All Saints’ Day, All Souls’ Day and ‘Dia de los Muertos’

The celebration of the Dia de los Muertos, or Day of the Dead, throughout Latin America celebrates the lives of the deceased. In many places, people fly kites to help their friends and loved ones get to heaven. (CNS/Reuters)

The celebration of the Dia de los Muertos, or Day of the Dead, throughout Latin America celebrates the lives of the deceased. In many places, people fly kites to help their friends and loved ones get to heaven. (CNS/Reuters)
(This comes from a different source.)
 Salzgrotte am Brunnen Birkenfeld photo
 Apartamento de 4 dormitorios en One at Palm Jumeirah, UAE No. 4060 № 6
While this year’s observance of All Saints’ Day won’t be a traditional holy day of obligation because it falls on a Saturday, millions of Catholics will take time to remember the lives of departed saints and loved ones Nov. 1-2.

While Nov. 1 recalls the most visible of Catholic icons, it’s Nov. 2, All Souls’ Day, that is a day set aside for the rest of the faithful who have graced our lives with their presence, service and love.
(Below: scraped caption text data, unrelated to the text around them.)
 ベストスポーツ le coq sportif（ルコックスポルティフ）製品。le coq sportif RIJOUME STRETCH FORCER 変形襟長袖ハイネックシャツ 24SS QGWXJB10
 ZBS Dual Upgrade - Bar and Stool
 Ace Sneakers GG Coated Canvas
The Catholic Sun of the Phoenix Diocese takes a look at what the day means to Catholics as they recall their loved ones. The diocese has been refining its bereavement ministries to reach out to people whose deceased family members are buried far away or people who are alone for the first time in years.

In developed countries the observance is more reserved as Catholics pray for their deceased family members, friends and acquaintances — some at Mass, perhaps at a local Catholic cemetery, but most in private.

Throughout Latin America Nov. 2 is known as “Dia de los Muertos,” or the “Day of the Dead.” It’s more of a festive observance as people gather at cemeteries to clean grave sites, share food and drink in a picniclike way, reminisce and pray. There may even be an outdoor Mass if the local priest is around.

However the day is celebrated, it serves as a time of inspiration and reflection and a way to think about God’s divine plan for life.